The absurdist coming-of-age picture has a curious provenance. At a pool party some X years ago, Glander lied to a filmmaker friend, who at the time just had a successful feature debut at South by Southwest, about a script he never had. That friend asked for a copy of the script, so he sped it up for about a month for the former to read. The story itself is a fictionalized version of a paywalled New York Times article about a family-run citrus juice business called Natalie’s Orchid Island Juice Company, which began in the 1990s and survived “the second-generation curse,” business parlance for family-owned companies failing to establish a solid succession. Glander bloated the narrative because he only read the article’s first paragraph.
Created entirely in Blender, an open-source 3D software, what follows is a lo-fi and surreal comedy about today’s hustle culture and working-class anxiety set in a Floridian suburb — a world bursting with color and whimsy, and casually interrupted by adorable alien creatures. Boys Go to Jupiter continues Glander’s visual palette first exhibited in his previous shorts, which are mostly around one to three minutes. It is the kind of movie that makes a quintessential sleeper hit: micro-budget but daringly inventive.
After the film opened in select theaters on August 8, I spoke to Glander about embracing the musical format for his first-time feature, Florida, slow days, the gig economy, animation constraints, and casting his actors over Instagram DMs.
The Interview with Julian Glander of Boys Go to Jupiter
[Editor’s Note: This interview has been lightly edited for clarity.]
Lé Baltar: Can you speak about the impulse to lean on an animated musical with this movie?
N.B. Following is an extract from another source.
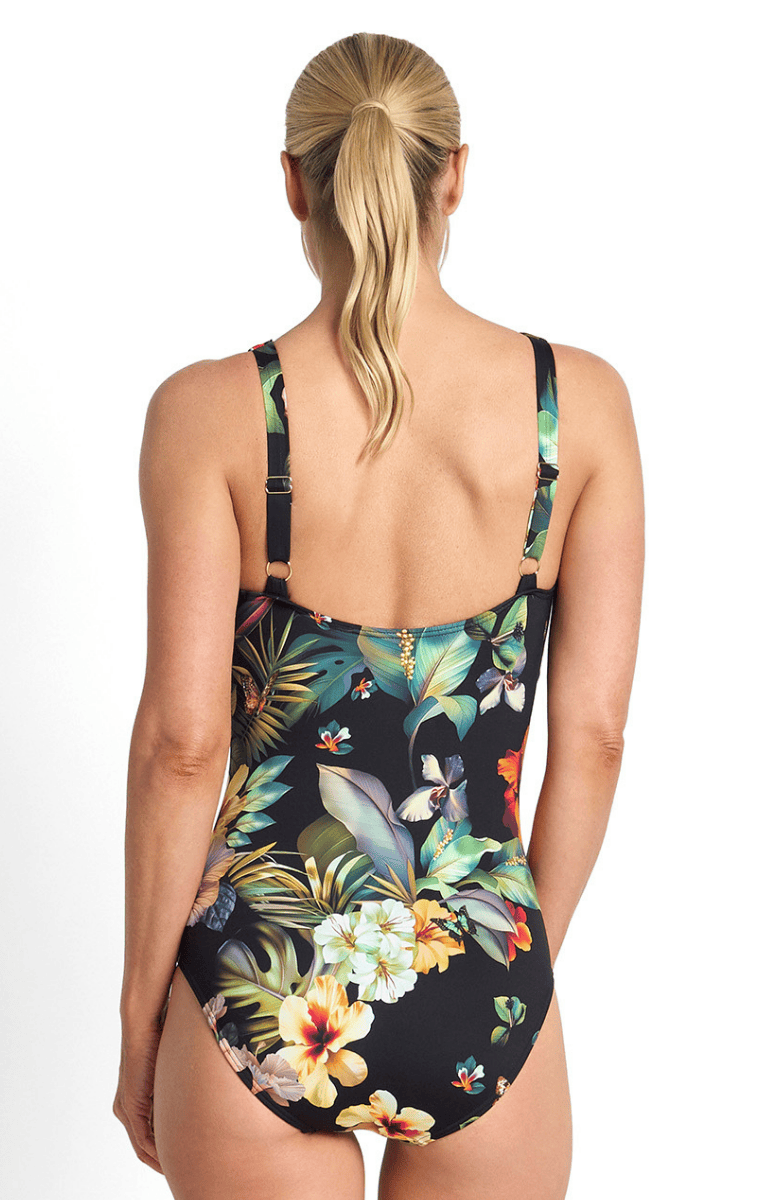 Jantzen Hibiscus DDE Bar One Piece Forest.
Has it always been the vision you had for your debut feature?
Julian Glander: I just really love the musical format — it’s a completely acceptable mainstream genre where the most surreal, non-narrative things can happen. My favorite musicals are ones with a specific sonic palette that matches the content of the movie. I think about Grease a lot and the very campy 1950s sound that they developed for that movie, and I think BGTJ has a similar thing going. Also, 30-year-olds playing high schoolers.
Lé Baltar: Do you think your previous shorts, from Bloop’s Birthday (2017) to Working Myself Into a Puddle (2024), influence this kind of offbeat, absurd visual grammar the film boasts despite its vibrant, bubblegum aesthetic?
Julian Glander: For me the only way to learn how to do a project like this was to do small ones and keep working my way up, from 2 minutes to 10 minutes to 90 minutes. I think one thing all of the shorts have in common with this feature is the way they look at the beauty and brutality of the world — like, life is very hard and demanding but there is a ton of beauty to be found in the mundane things around us. The vibrant aesthetic is one way to sell that.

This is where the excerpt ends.